Specific instances could include recognizing multiplication is a specific number of sets, or that fractions represent the present parts of a whole. Students start by learning to count in order; 1, 2, 3,…. Later students learn more complex structures such as properties of operation, which can be used to add, subtract, multiply and divide. Recognition of even more complex structures allow for solving difficult algebraic equations, creating geometric proofs and statistical analysis.
Finally, students must be able to describe structures in writing, orally and through visual representations. Critical thinking skills and a true understanding of how the structures are formed is required to process such translations.
Gottlieb Wilhelm von Liebnitz
6. Attend to Precision.
The mathematically proficient student will need the ability to communicate precisely. This is true for both verbal and written communication. The core standards for mathematics requires students to do much more writing about problem solving than has been necessary in the past.
While this concept confuses many parents, politicians and even teachers, it is a helpful tool for sorting through problems and remembering the steps taken to solve them. Most classroom subjects require note-taking. The notes can be useful for review and test preparation, but their greatest benefit may be in the memory enhancement provided simply by the act of writing as well as hearing a lesson. Good note-taking requires listening or reading closely, and then separating the truly important information from the rest. The good note taker, along with the proficient mathematician, will then be able to take those nuggets of information and communicate them in complete sentences; a requirement of proficiency standard 6.
Understanding which information is truly “the most important,” and being able to communicate it requires the ability to use clear and accurate definitions. Students cannot clearly communicate multiplication if they do not understand the meaning of the words multiplier, multiplicand and product. They cannot describe measurements without being able to clearly define the difference between area and volume. True proficiency requires the ability to define concepts and processes. Additionally, students must recognize and be able to define or describe the meaning of mathematical symbols. Math is a language filled with symbols. The inability to understand mathematical symbols makes problem solving impossible; just as the inability to understand letters and punctuation makes reading impossible.
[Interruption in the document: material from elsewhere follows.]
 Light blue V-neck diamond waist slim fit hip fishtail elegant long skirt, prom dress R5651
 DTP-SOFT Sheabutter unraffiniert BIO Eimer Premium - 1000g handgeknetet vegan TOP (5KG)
Labels are another key to mathematical precision. Maps, coordinate planes, measurements and graphs are all incomprehensible without labels. The labels must be precise, and they must be used in a manner that makes it clear what item is being labeled. Students who fail to use labels appropriately will find it impossible to communicate their work.
Finally, the mathematically proficient student will need to synthesize all of these abilities, along with the ability to calculate accurately and efficiently. Once their problem is solved they will need to be able to communicate their process and answer via carefully formulated explanations. This action alone may point to flaws in their logic, causing a review and reworking of the problem at hand. This is accomplished through the careful examination of solutions through the magnifying lens of the definitions and constraints inherent in the problem itself. When looked at in this light it becomes apparent precise communication is key to not only the fulfulling of an important standard, but to the basics of problem solving using the language of math.